What do other scientists get? When I tell people I am a cognitive scientist (as a cognitive economist I am sort of both an economist and a cognitive scientist after all), they usually just respond with something like “Wow, you must be really smart.”; which I suppose is true enough, but always strikes me as an odd response. I think they just didn’t know enough about the field to even generate a reasonable-sounding question, whereas with economists they always have “How is the economy doing?” handy. Political scientists probably get “Who is going to win the election?” for the same reason. People have opinions about economics, but they don’t have opinions about cognitive science—or rather, they don’t think they do. Actually most people have an opinion about cognitive science that is totally and utterly ridiculous, more on a par with Creationists than gold bugs: That is, most people believe in a soul that survives after death. This is rather like believing that after your computer has been smashed to pieces and ground back into the sand from whence it came, all the files you had on it are still out there somewhere, waiting to be retrieved. No, they’re long gone—and likewise your memories and your personality will be long gone once your brain has rotted away. Yes, we have a soul, but it’s made of lots of tiny robots; when the tiny robots stop working the soul is no more. Everything you are is a result of the functioning of your brain. This does not mean that your feelings are not real or do not matter; they are just as real and important as you thought they were. What it means is that when a person’s brain is destroyed, that person is destroyed, permanently and irrevocably. This is terrifying and difficult to accept; but it is also most definitely true. It is as solid a fact as any in modern science. Many people see a conflict between evolution and religion; but the Pope has long since rendered that one inert. No, the real conflict, the basic fact that undermines everything religion is based upon, is not in biology but in cognitive science. It is indeed the Basic Fact of Cognitive Science: We are our brains, no more and no less. (But I suppose it wouldn’t be polite to bring that up at dinner parties.)
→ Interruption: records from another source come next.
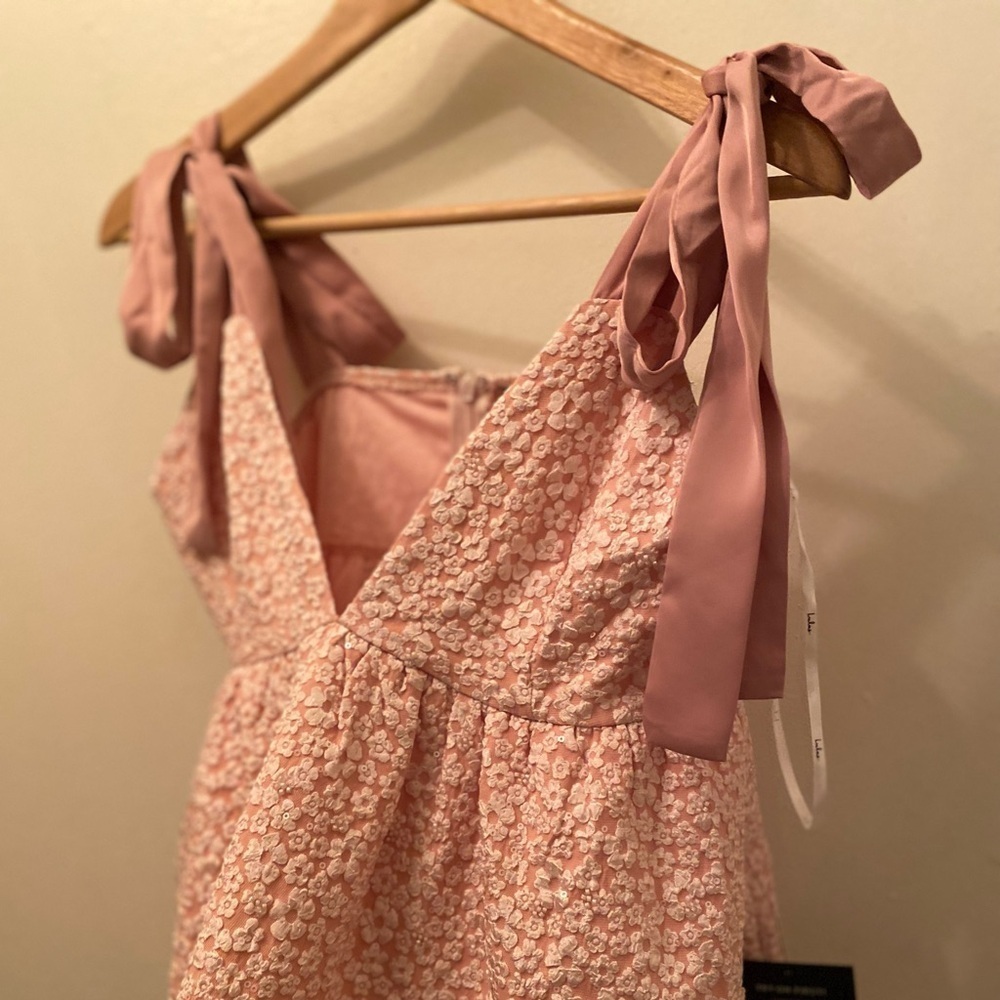 NWT Lulu's Pink Jacquard Floral Tie-Strap Mini Dress - Picture 5 of 10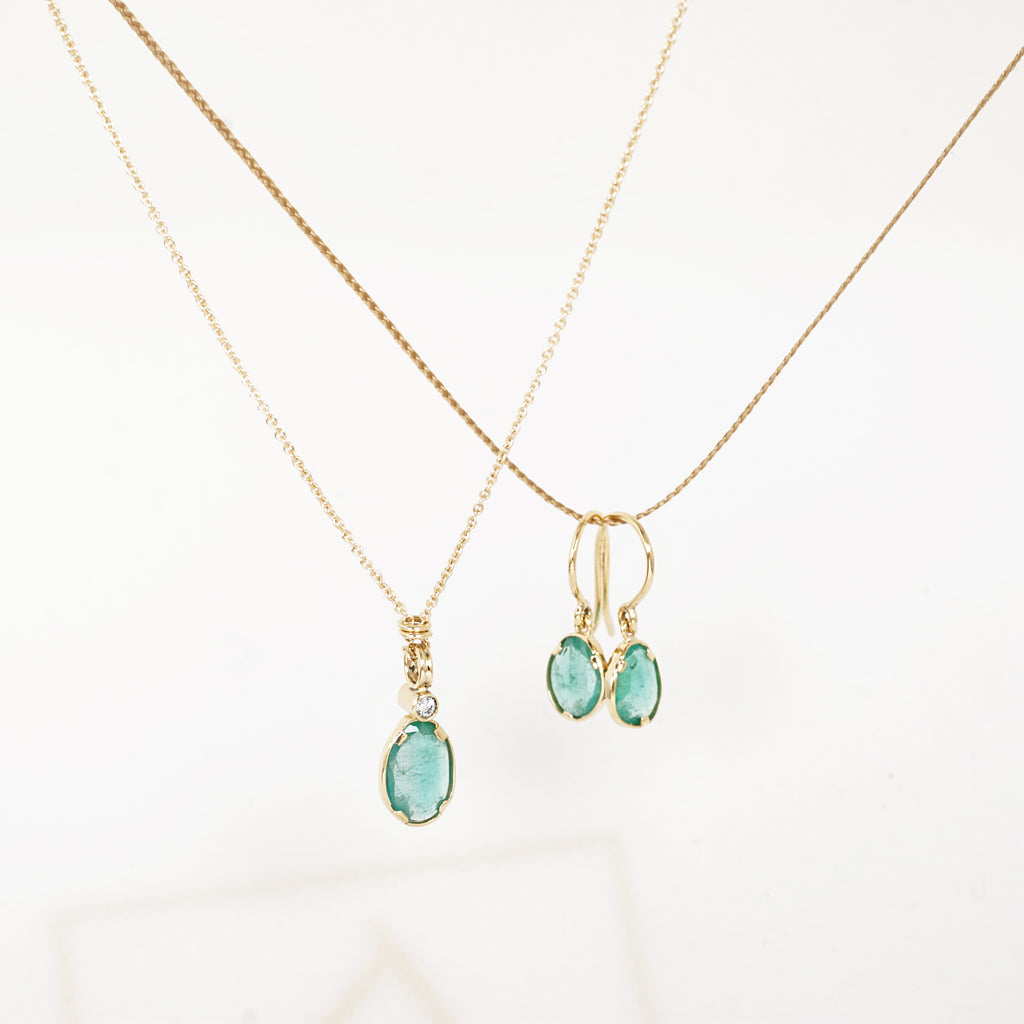 Aurifex Goldschmiede Koblenz Ohrschmuck aus der Kollektion Unikat in Gelbgold mit Smaragd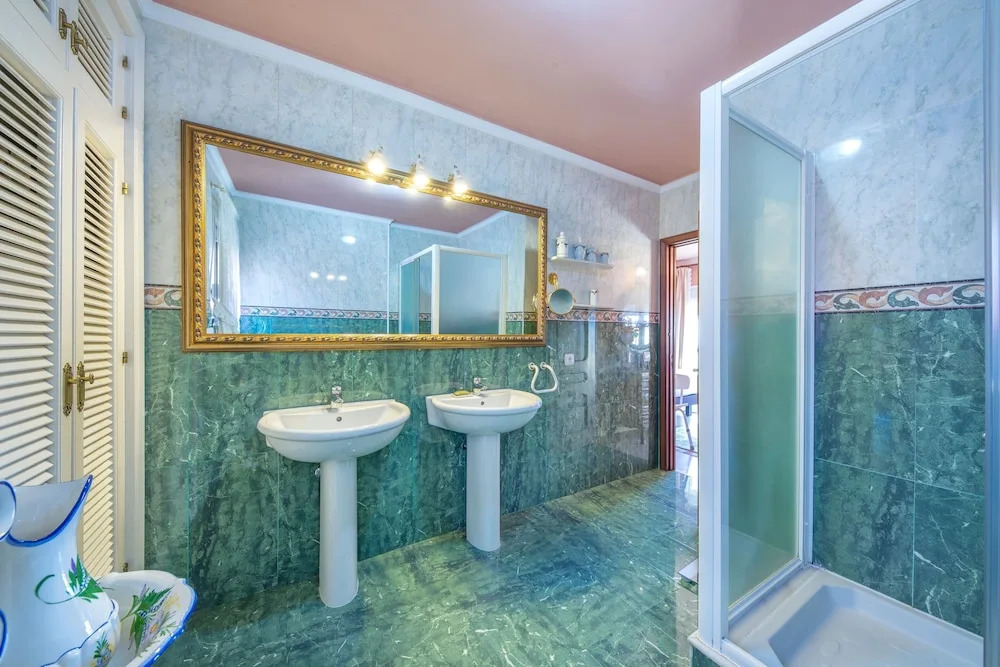 Villa - 5 Bedrooms with Pool and WiFi - 107872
The “You must be really smart.” response is probably what happens to physicists and mathematicians. Quantum mechanics confuses basically everyone, so few dare go near it. The truly bold might try to bring up Schrodinger’s Cat, but are unlikely to understand the explanation of why it doesn’t work. General relativity requires thinking in tensors and four-dimensional spaces—perhaps they’ll be asked the question “What’s inside a black hole?”, which of course no physicist can really answer; the best answer may actually be, “What do you mean, inside?” And if a mathematician tries to explain their work in lay terms, it usually comes off as either incomprehensible or ridiculous: Stokes’ Theorem would be either “the integral of a differential form over the boundary of some orientable manifold is equal to the integral of its exterior derivative over the whole manifold” or else something like “The swirliness added up inside an object is equal to the swirliness added up around the edges.”

Economists, however, always seem to get this one: “How is the economy doing?”

Right now, the answer is this: “It’s still pretty bad, but it’s getting a lot better. Hopefully the new Congress won’t screw that up.”